The Tree Augmentation Problem (TAP) is a fundamental network design problem in which we are given a tree and a set of additional edges, also called links. The task is to find a set of links, of minimum size, whose addition to the tree leads to a 2-edge-connected graph. A long line of results on TAP culminated in the previously best known approximation guarantee of 1.5 achieved by a combinatorial approach due to Kortsarz and Nutov [ACM Transactions on Algorithms 2016], and also by an SDP-based approach by Cheriyan and Gao [Algorithmica 2017]. Moreover, an elegant LP-based (1.5+є)-approximation has also been found very recently by Fiorini, Groß, K'onemann, and Sanitá [SODA 2018]. In this paper, we show that an approximation factor below 1.5 can be achieved, by presenting a 1.458-approximation that is based on several new techniques. By extending prior results of Adjiashvili [SODA 2017], we first present a black-box reduction to a very structured type of instance, which played a crucial role in recent development on the problem, and which we call k-wide.
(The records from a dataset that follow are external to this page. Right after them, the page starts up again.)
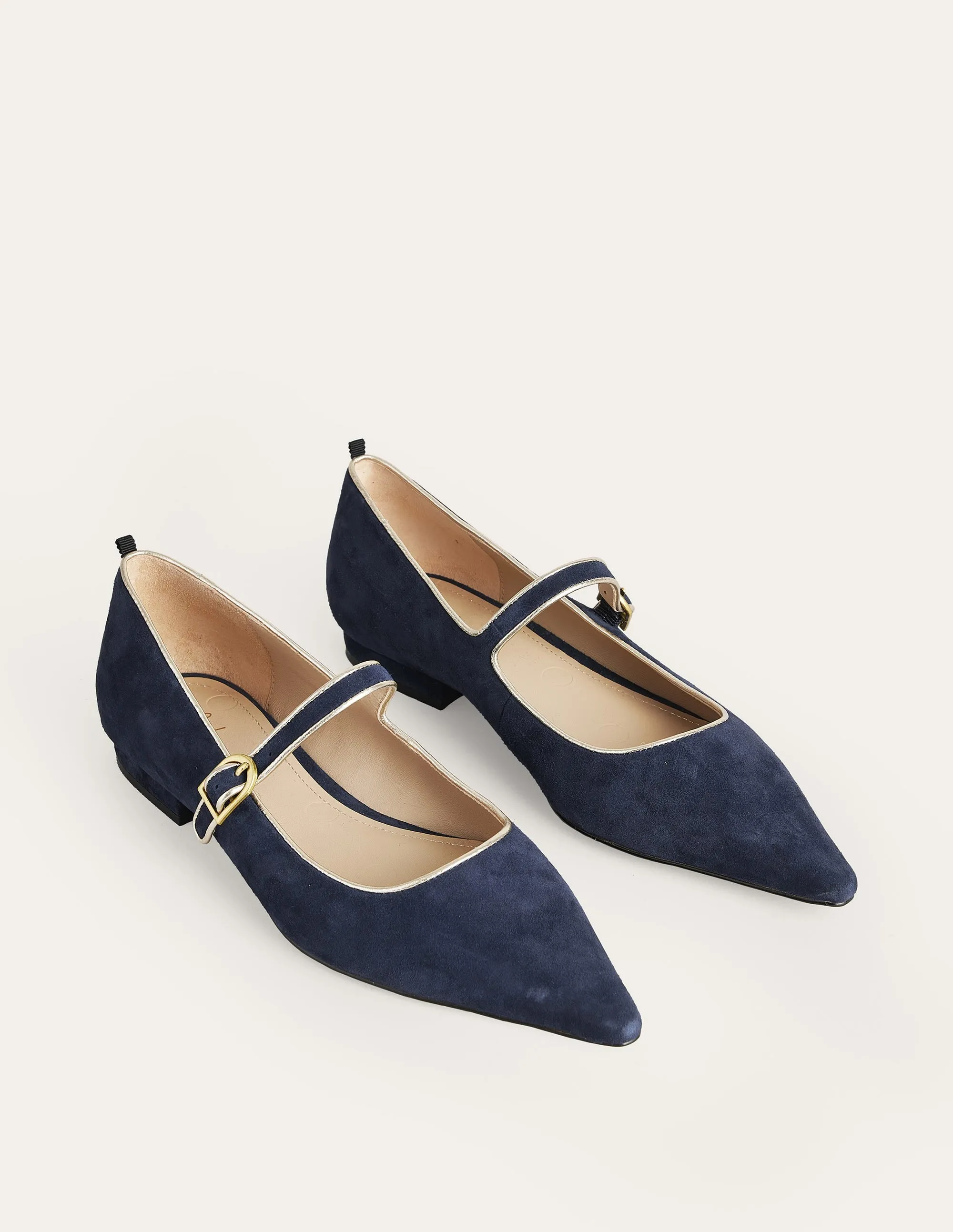 Pointed Toe Mary Jane Shoes-Navy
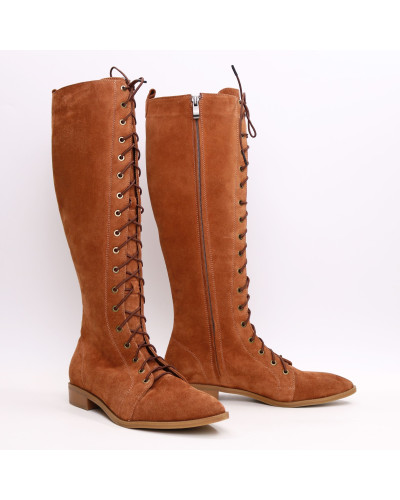 Високі чоботи зі шнурівкою із замші Арт. 104-4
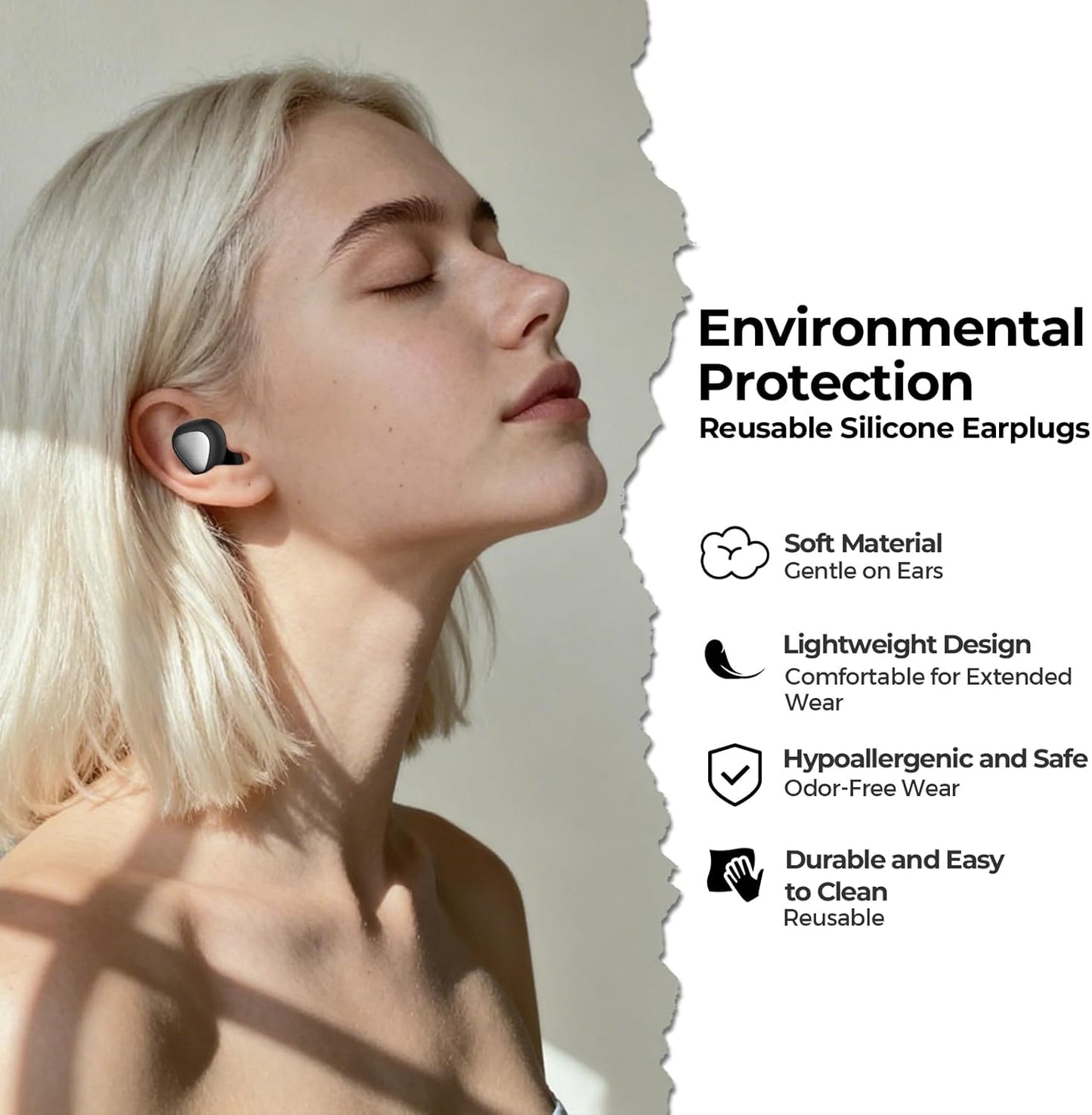 Ear Plugs for Sleeping, 45dB Noise Reduction Reusable Earplugs for Snoring, Travel, Work & Concerts, Hearing Protection with 8-Size (XS-L) Ear Tips - Black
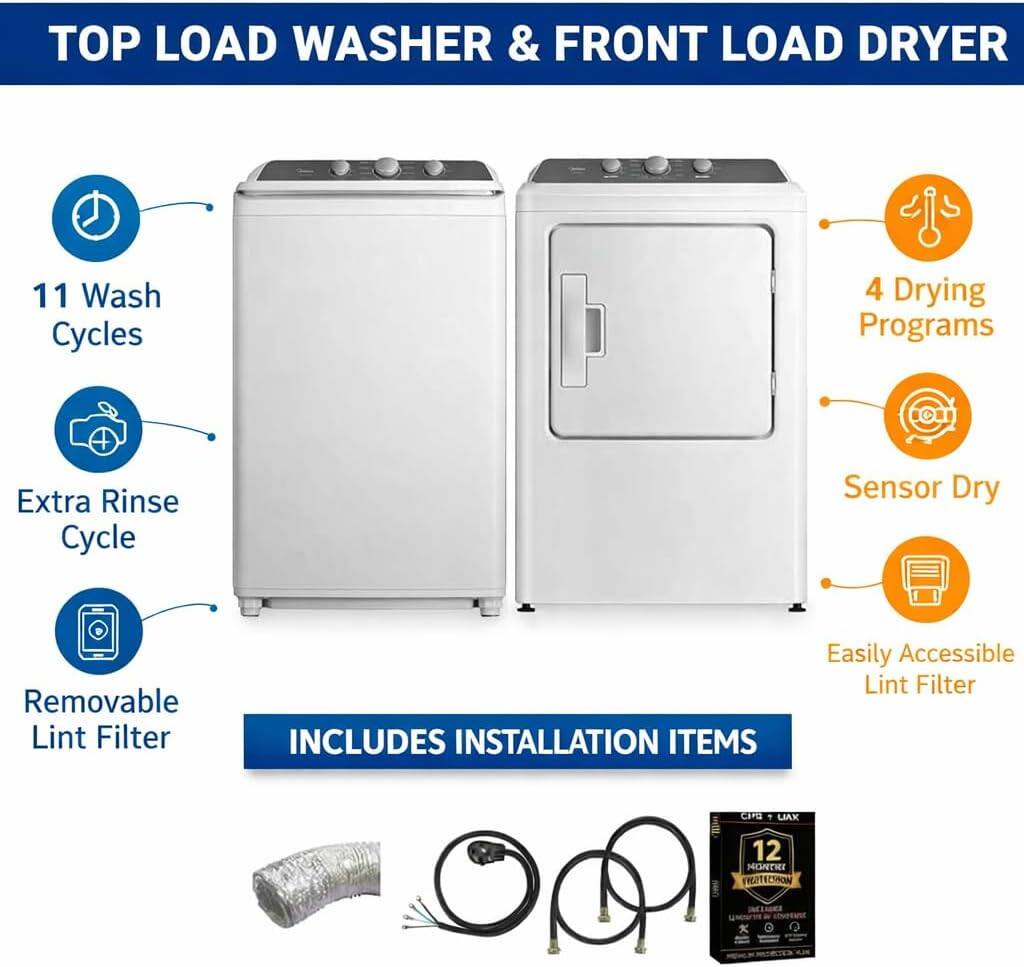 TOP LOAD WASHER & FRONT LOAD DRYER

- 11 Wash Cycles
- Extra Rinse Cycle
- Removable Lint Filter
- 4 Drying Programs
- Sensor Dry
- Easily Accessible Lint Filter

INCLUDES INSTALLATION ITEMS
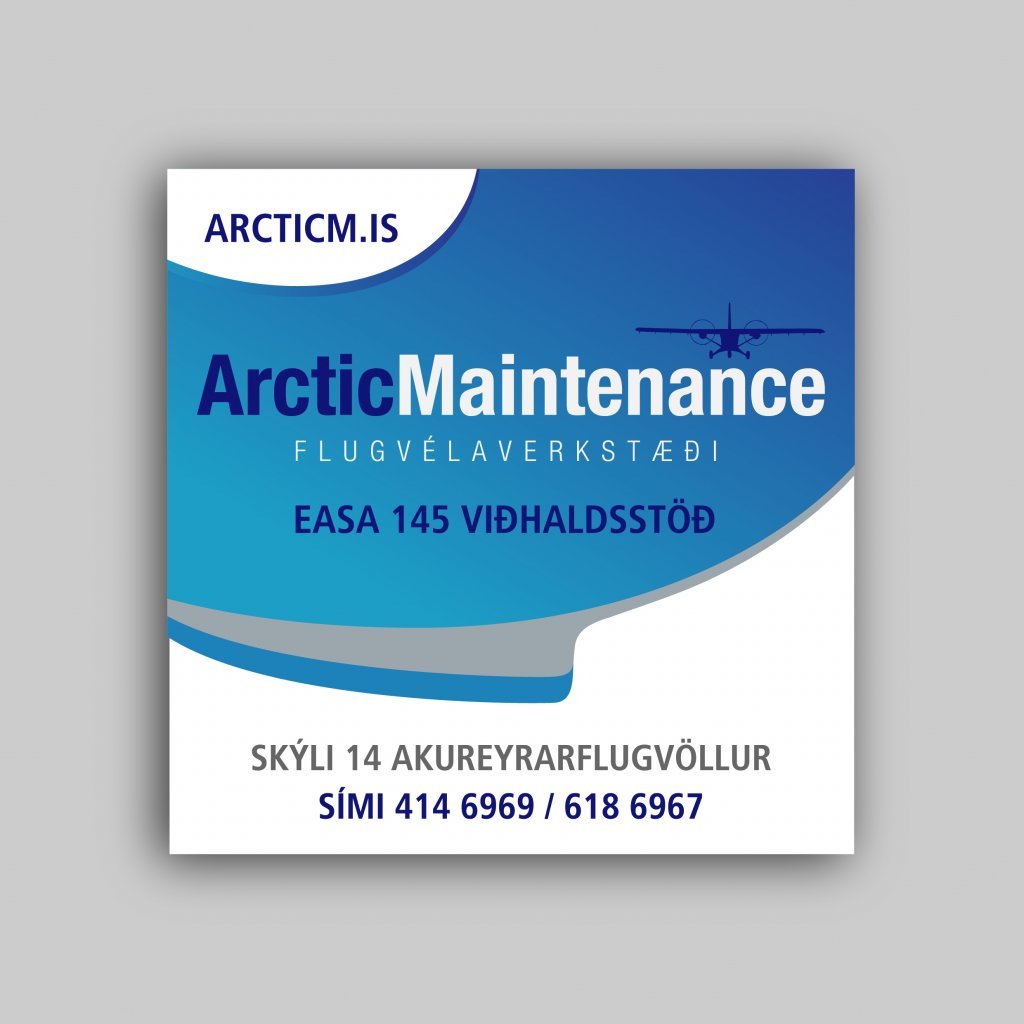 Skilti á flugskýli fyrir Arctic Maintenance - flugvélaverkstæði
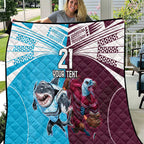 Custom Sea Eagles And Sharks Rugby Quilt Sporty Style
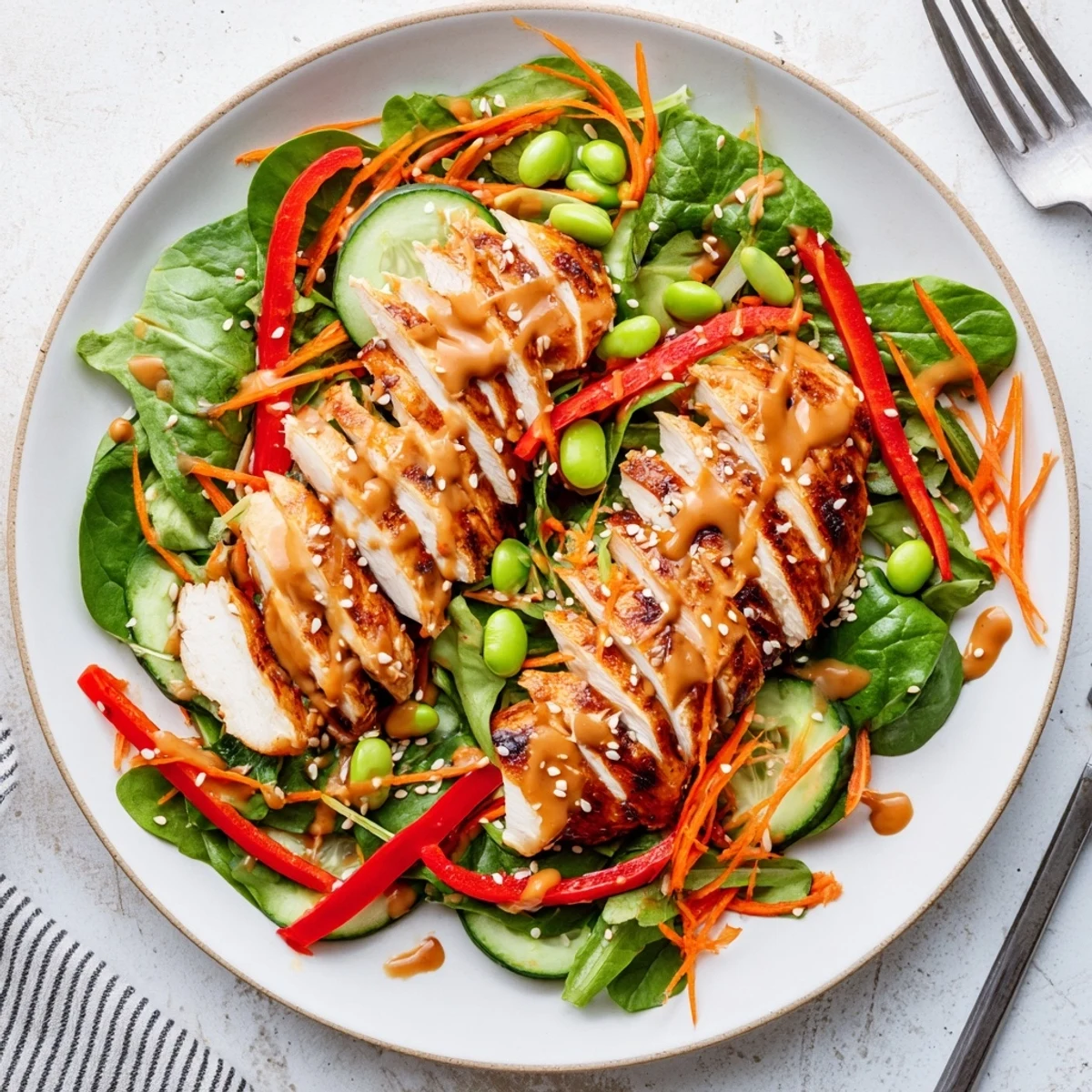 Sesame Chicken Salad featuring sliced sesame glazed chicken, crunchy vegetables, tangy dressing.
Our main contribution is a new approximation algorithm for O(1)-wide tree instances with approximation guarantee strictly below 1.458, based on one of their fundamental properties: wide trees naturally decompose into smaller subtrees with a constant number of leaves. Previous approaches in similar settings rounded each subtree independently and simply combined the obtained solutions. We show that additionally, when starting with a well-chosen LP, the combined solution can be improved through a new “rewiring” technique, showing that one can replace some pairs of used links by a single link. We can rephrase the rewiring problem as a stochastic version of a matching problem, which may be of independent interest. By showing that large matchings can be obtained in this problem, we obtain that a significant number of rewirings are possible, thus leading to an approximation factor below 1.5.